Aim of the exercise → Your task is to return the listing below word for word, without any of its images.

---------- Supplied information

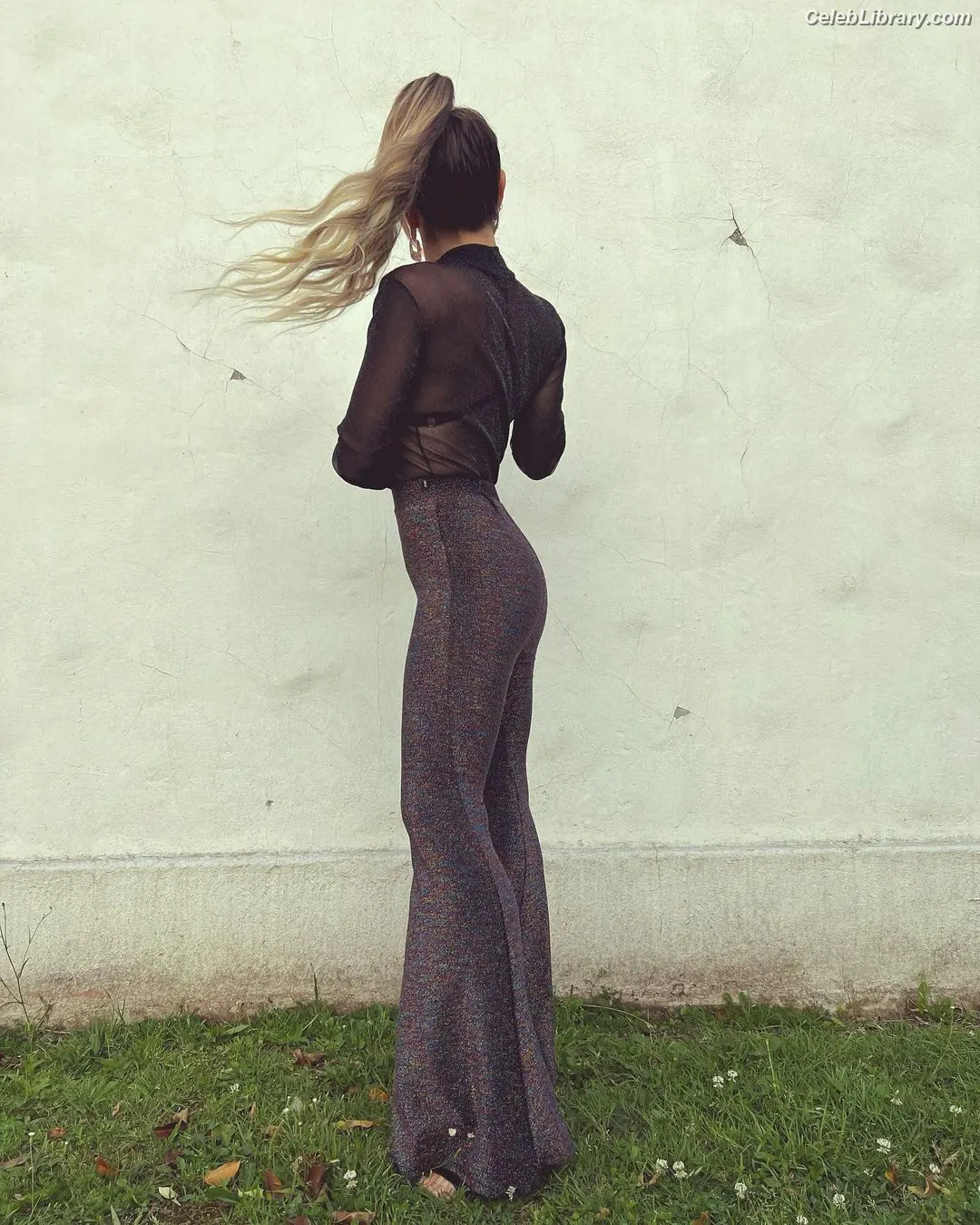 Jimena Baron photo 3 of 1274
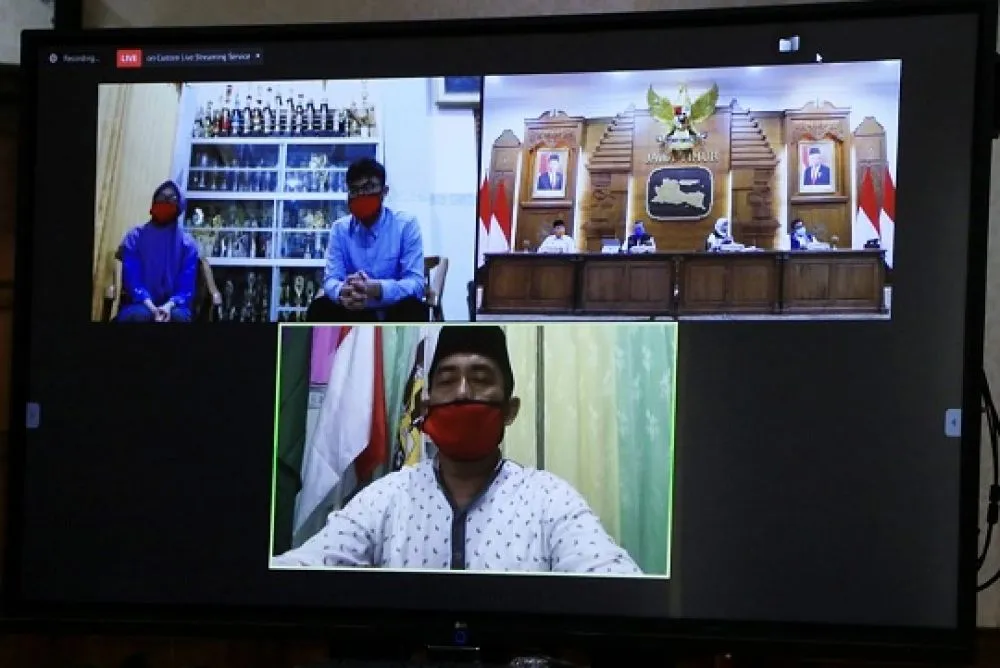 Gubernur Beri Apresiasi Khusus untuk SMAN 2 Lamongan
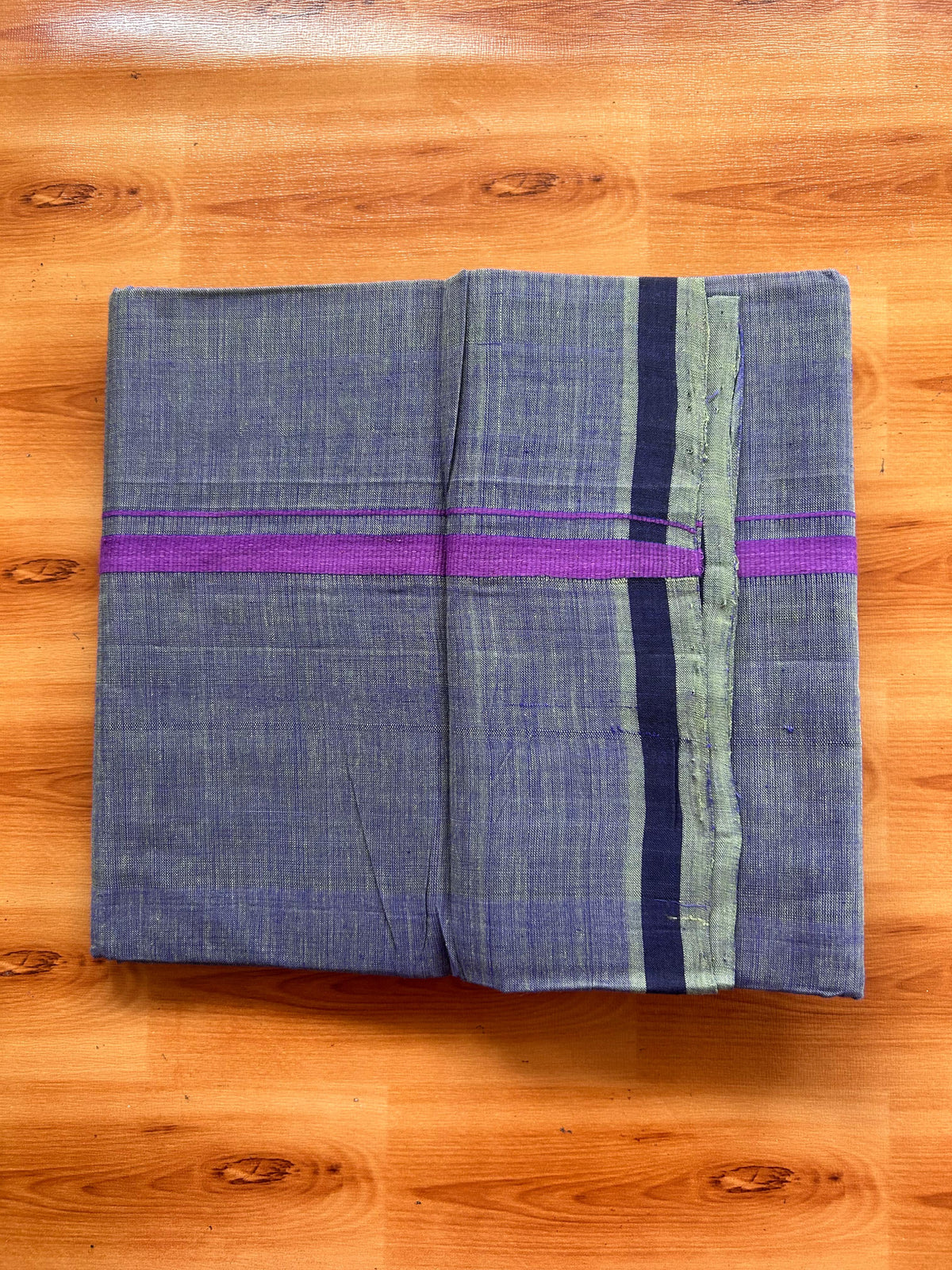 Kerala Handloom Single Kaily/Lungi - KaithariKada 100% Pure Cotton - 40s - 0.5 cm Purple Kara With Violet & Olive Green Shaded colour Body - (2 meter / 4 muzham) - 17 KK5539 ELA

--------------------

Exercise result →
 Jimena Baron photo 3 of 1274
 Gubernur Beri Apresiasi Khusus untuk SMAN 2 Lamongan
 Kerala Handloom Single Kaily/Lungi - KaithariKada 100% Pure Cotton - 40s - 0.5 cm Purple Kara With Violet & Olive Green Shaded colour Body - (2 meter / 4 muzham) - 17 KK5539 ELA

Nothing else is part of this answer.